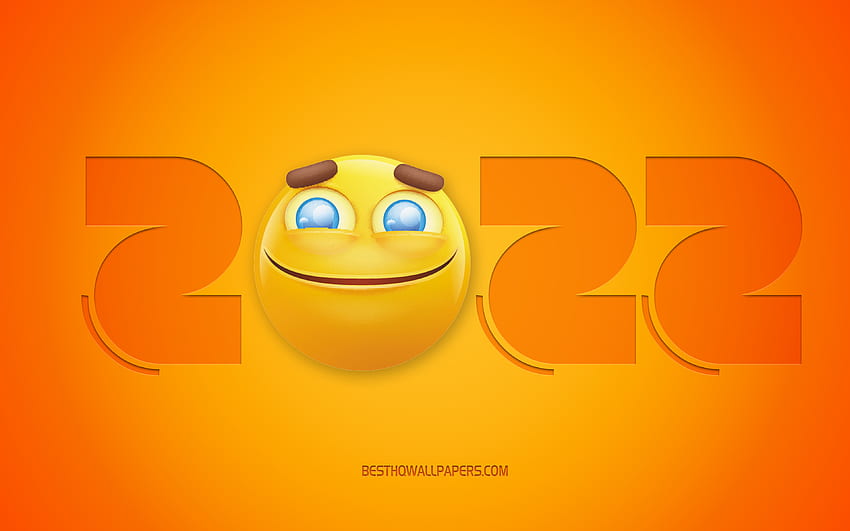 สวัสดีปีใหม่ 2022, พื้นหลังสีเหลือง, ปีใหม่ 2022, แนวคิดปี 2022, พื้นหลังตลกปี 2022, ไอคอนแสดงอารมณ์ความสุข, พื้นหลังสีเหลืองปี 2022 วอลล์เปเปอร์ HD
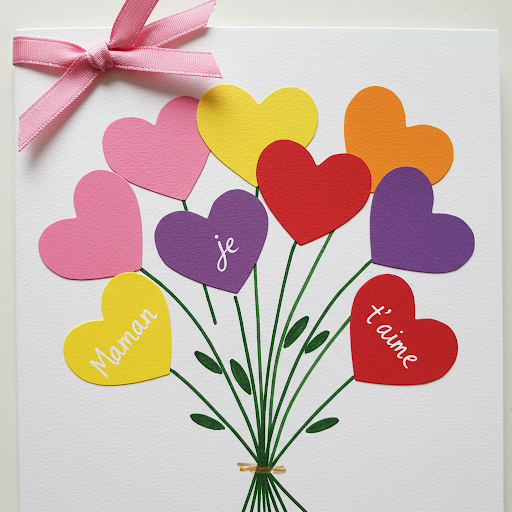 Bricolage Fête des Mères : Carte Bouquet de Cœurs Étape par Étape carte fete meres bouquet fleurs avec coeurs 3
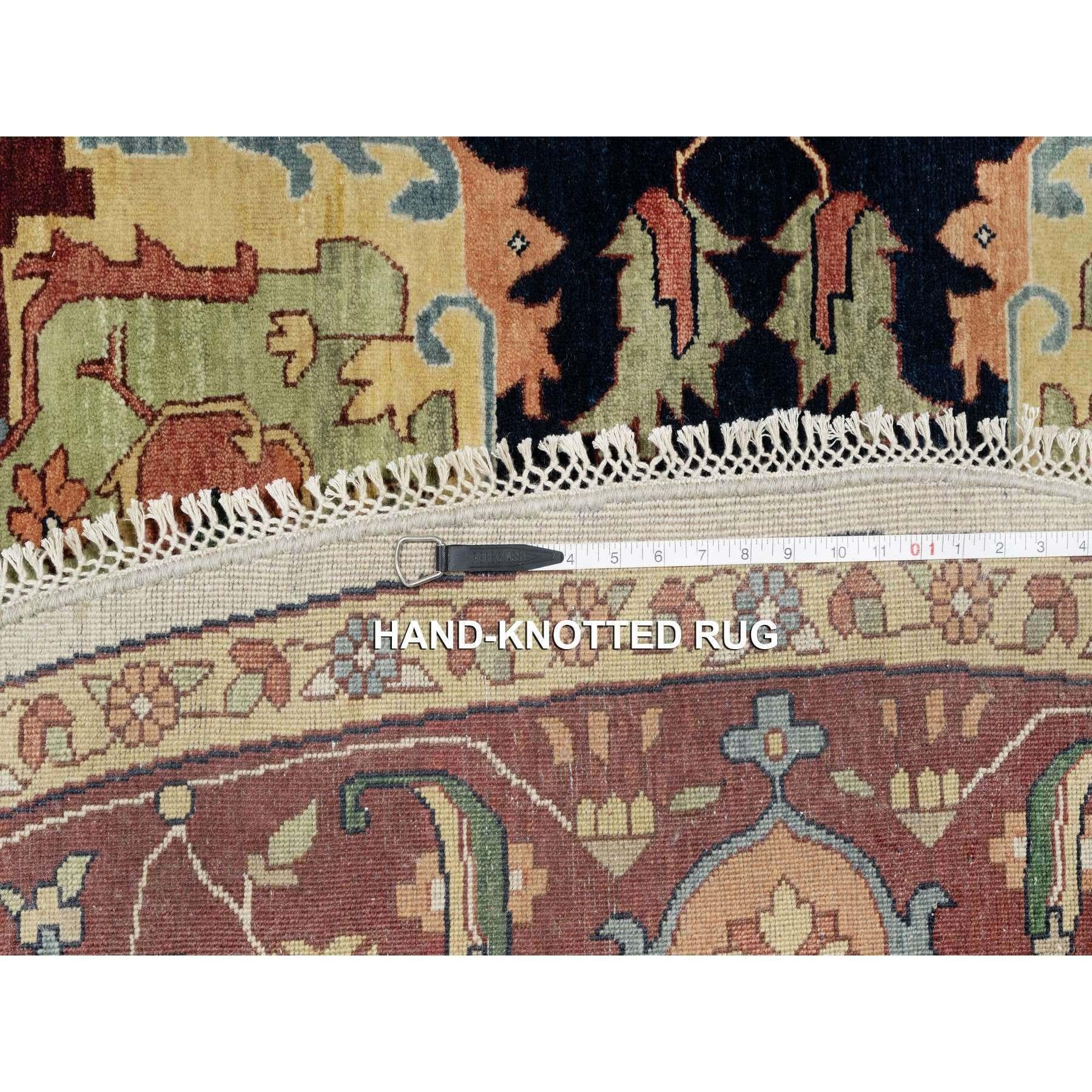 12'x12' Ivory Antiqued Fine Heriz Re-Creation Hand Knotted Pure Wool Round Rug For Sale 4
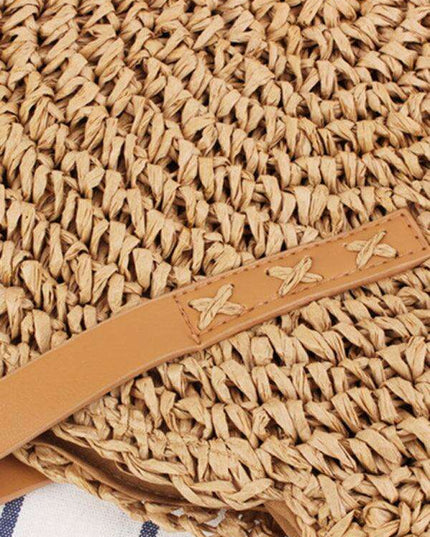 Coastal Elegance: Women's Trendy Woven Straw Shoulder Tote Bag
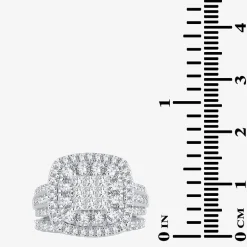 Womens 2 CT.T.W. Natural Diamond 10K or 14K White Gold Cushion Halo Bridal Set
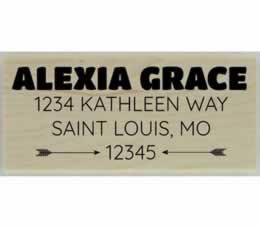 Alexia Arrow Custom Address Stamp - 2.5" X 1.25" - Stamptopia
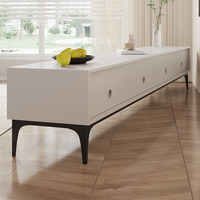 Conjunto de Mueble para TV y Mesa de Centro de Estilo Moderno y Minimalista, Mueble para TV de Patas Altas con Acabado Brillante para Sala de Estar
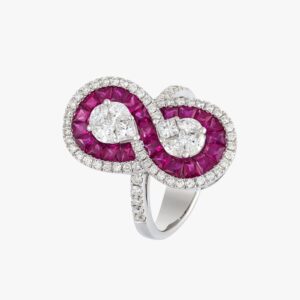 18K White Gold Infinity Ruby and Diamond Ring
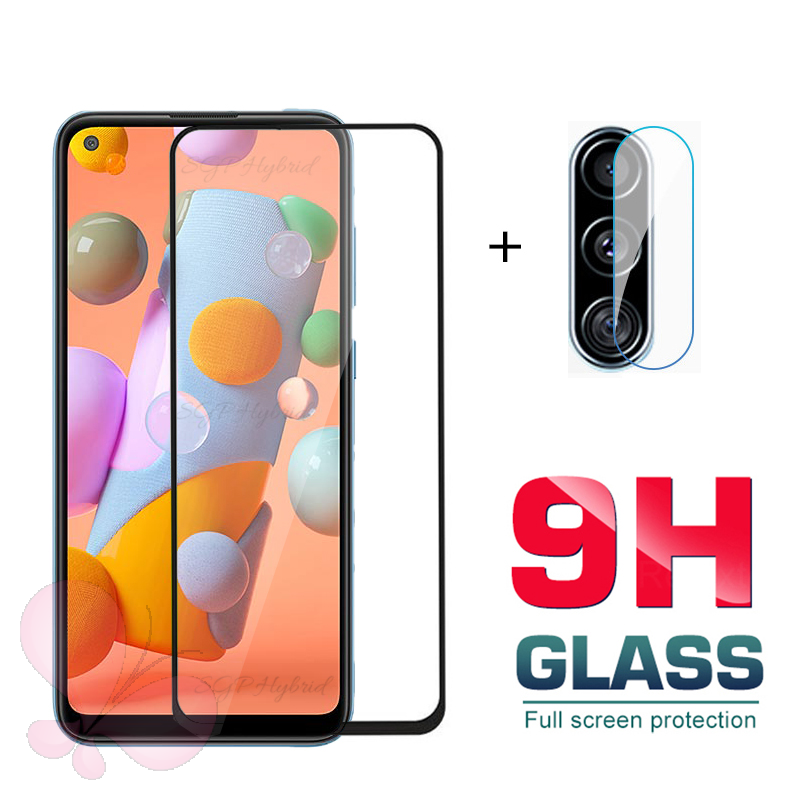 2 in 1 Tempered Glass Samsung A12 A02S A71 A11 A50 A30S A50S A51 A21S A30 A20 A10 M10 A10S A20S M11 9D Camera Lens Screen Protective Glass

++++++

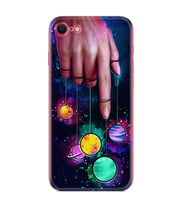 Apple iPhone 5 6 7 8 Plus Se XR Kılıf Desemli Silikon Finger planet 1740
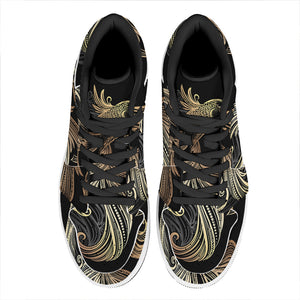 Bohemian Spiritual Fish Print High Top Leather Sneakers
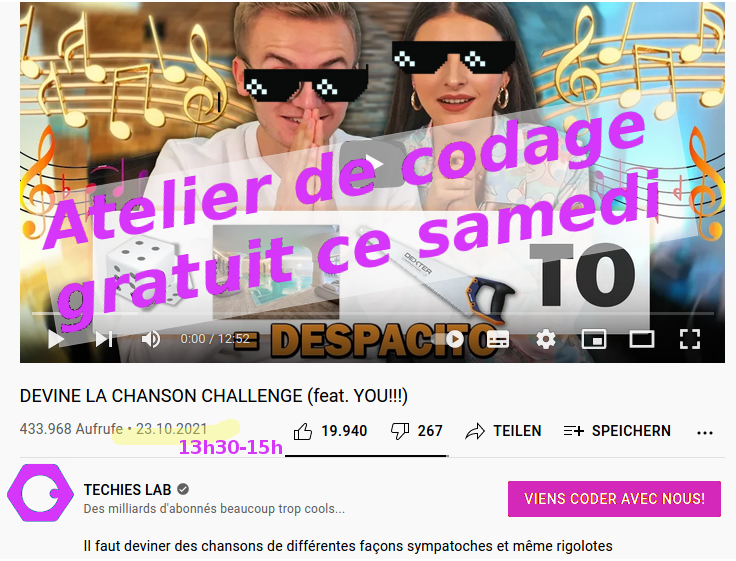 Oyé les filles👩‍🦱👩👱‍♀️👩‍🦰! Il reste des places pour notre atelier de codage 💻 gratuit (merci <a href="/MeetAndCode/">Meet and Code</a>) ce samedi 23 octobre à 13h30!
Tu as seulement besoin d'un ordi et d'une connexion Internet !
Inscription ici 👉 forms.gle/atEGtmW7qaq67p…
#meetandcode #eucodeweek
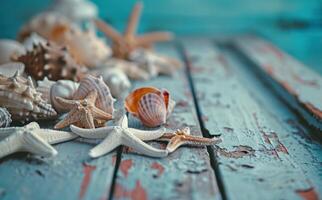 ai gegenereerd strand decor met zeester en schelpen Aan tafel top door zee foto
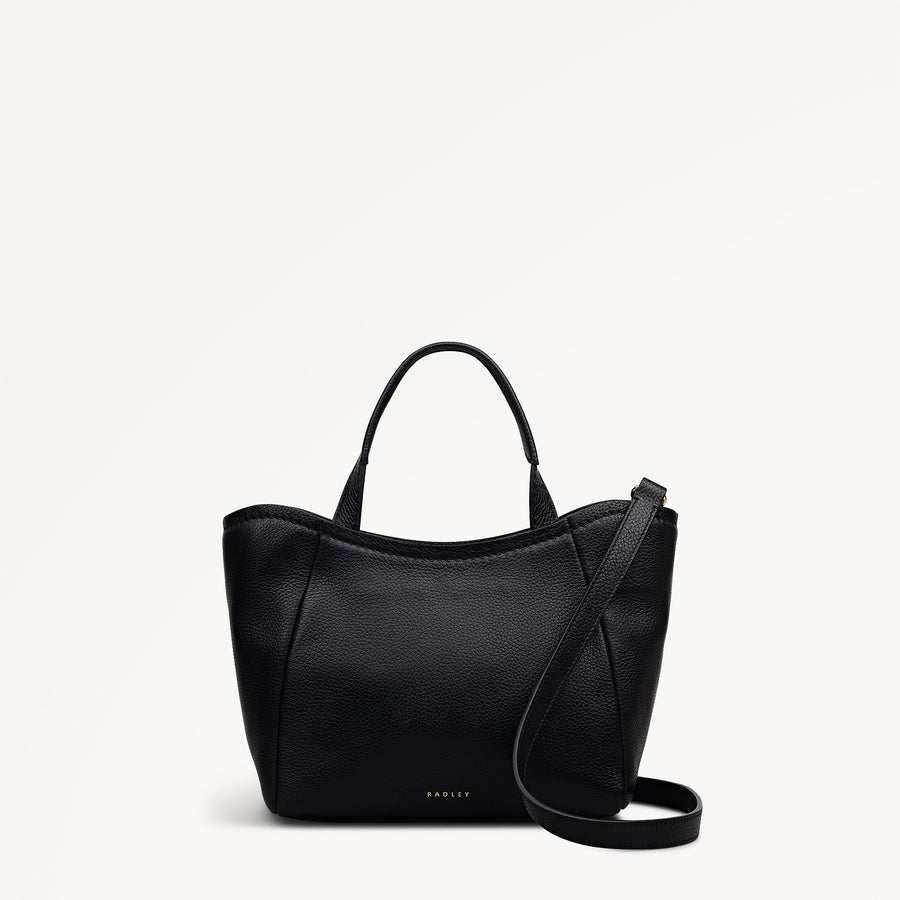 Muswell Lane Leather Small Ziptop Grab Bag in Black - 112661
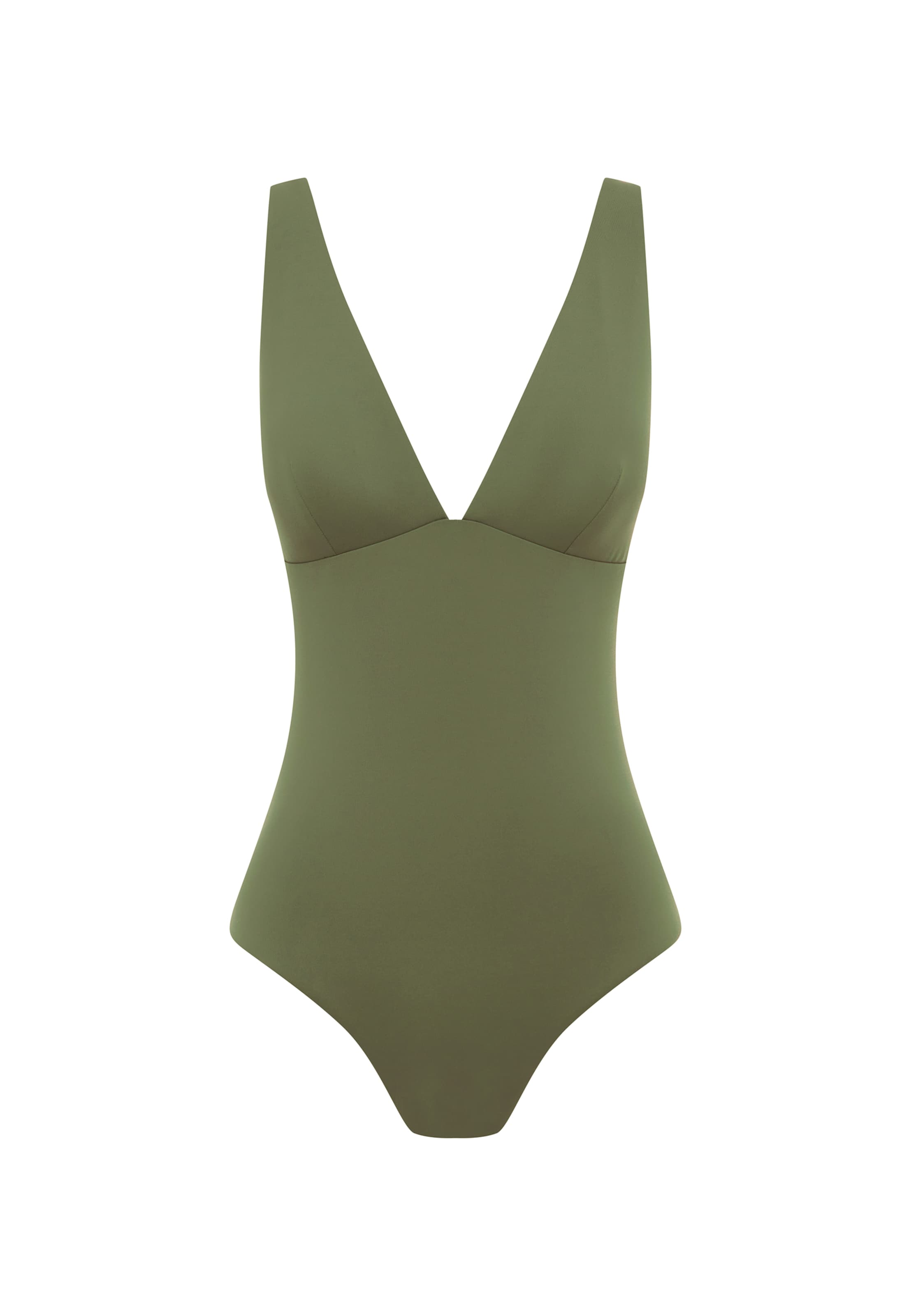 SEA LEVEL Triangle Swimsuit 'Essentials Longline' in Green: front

++++++

Prompt:
Look above for the line with "ai gegenereerd strand", then give again exactly every line from there through the line with "SEA LEVEL Triangle", skipping the pictures.

Worked solution:
 ai gegenereerd strand decor met zeester en schelpen Aan tafel top door zee foto
 Muswell Lane Leather Small Ziptop Grab Bag in Black - 112661
 SEA LEVEL Triangle Swimsuit 'Essentials Longline' in Green: front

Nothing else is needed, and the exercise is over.